▶ _Task statement_:
At the line containing "Gameplay of Catch Simona in New York City", begin an exact copy of the lines below and continue through the final one, with no pictures.

▶ _Data to process_:
━━━━━━━━

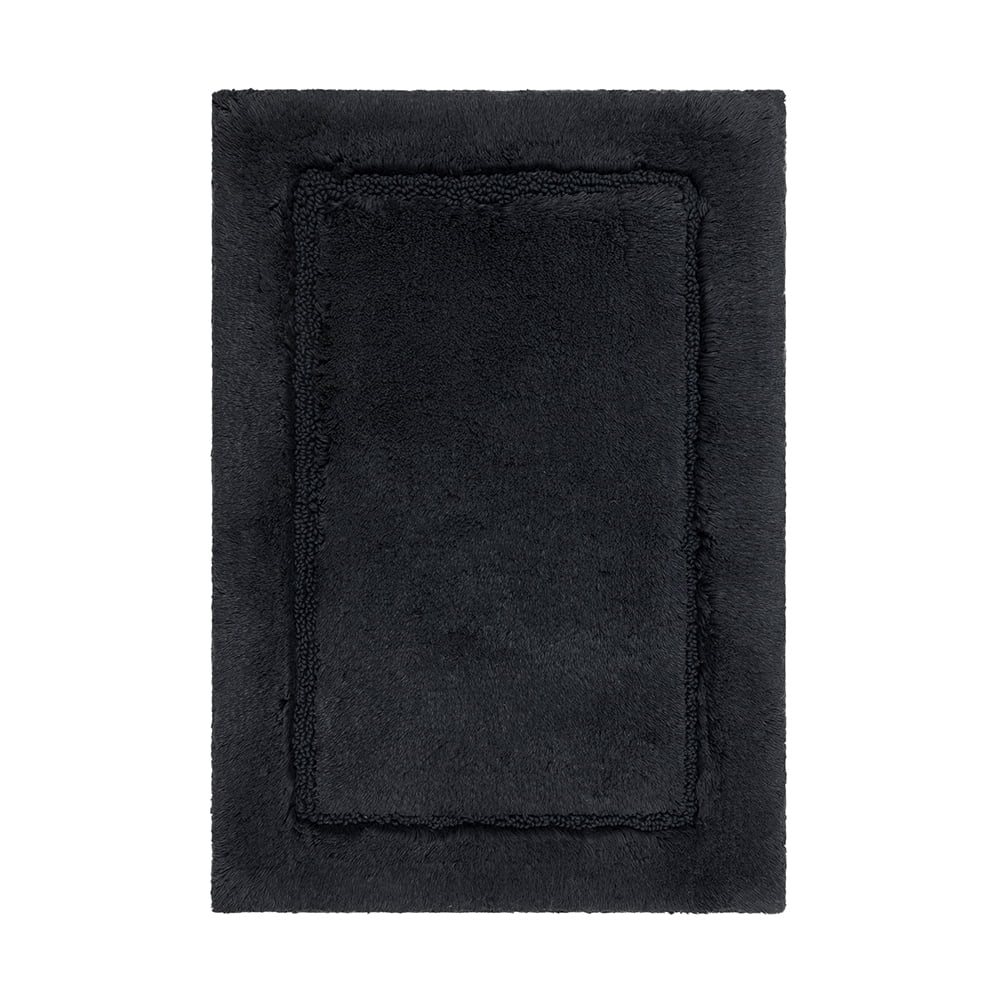 Mohawk Home Regency Plush Stain/Fade Resistant Non-Slip Machine Washable Bath Mat, Charcoal, 1' 9" x 2' 10"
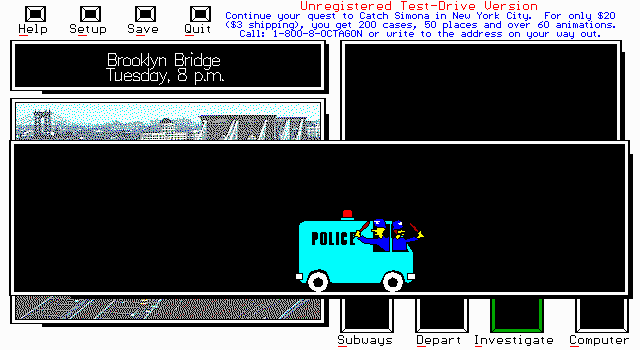 Gameplay of Catch Simona in New York City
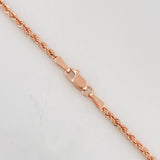 Cadena Lazo 3.75g / 24 in / 2.09mm Oro Rosa 18K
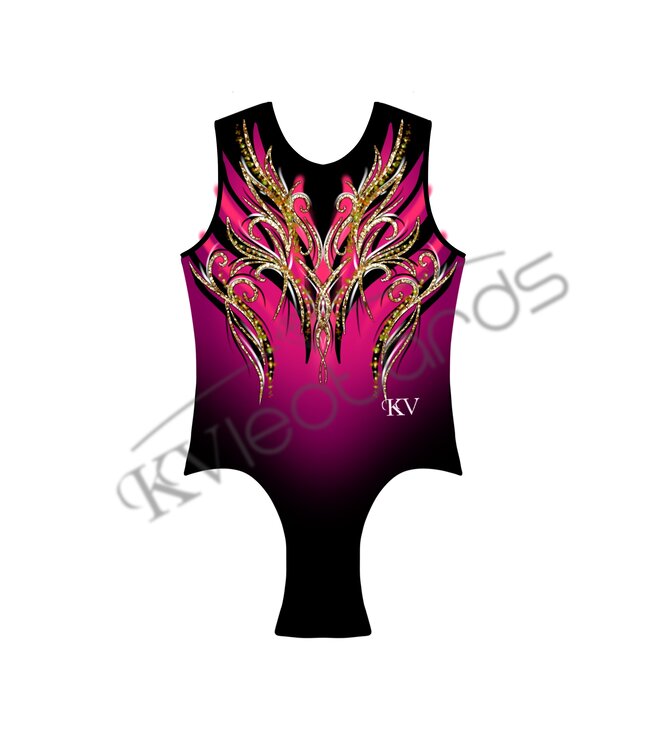 KV SALE! Leotard Lush Rose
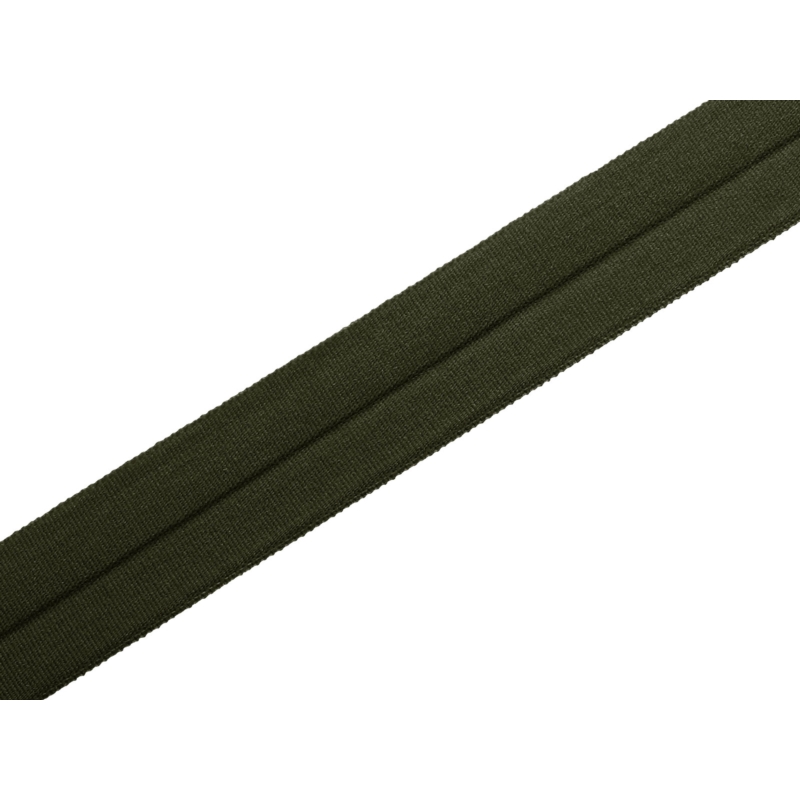 Fold-over elastic 20 mm /0,65 mm dark green (107)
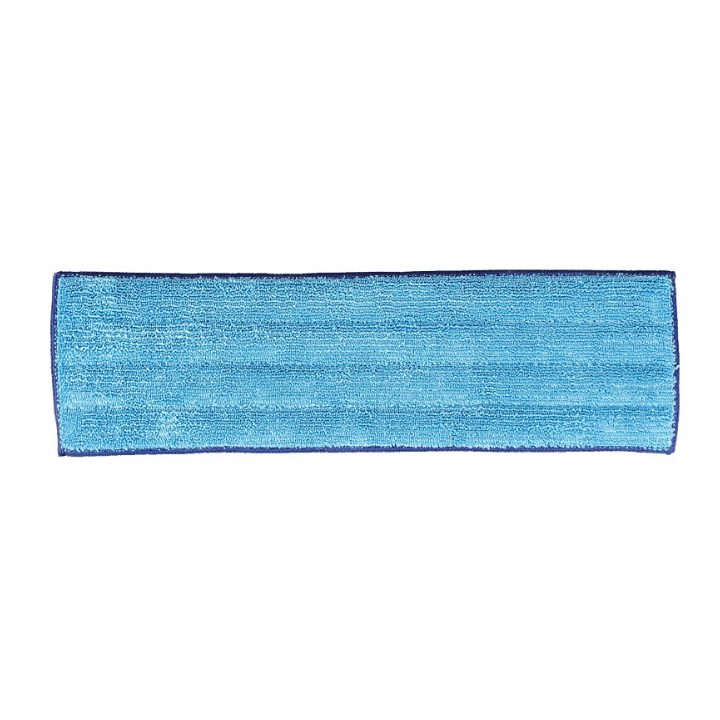 Frange microfibre Velcro bleue - Epaisse 40 cm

━━━━━━━━

▶ _Result_:
 Gameplay of Catch Simona in New York City
 Cadena Lazo 3.75g / 24 in / 2.09mm Oro Rosa 18K
 KV SALE! Leotard Lush Rose
 Fold-over elastic 20 mm /0,65 mm dark green (107)
 Frange microfibre Velcro bleue - Epaisse 40 cm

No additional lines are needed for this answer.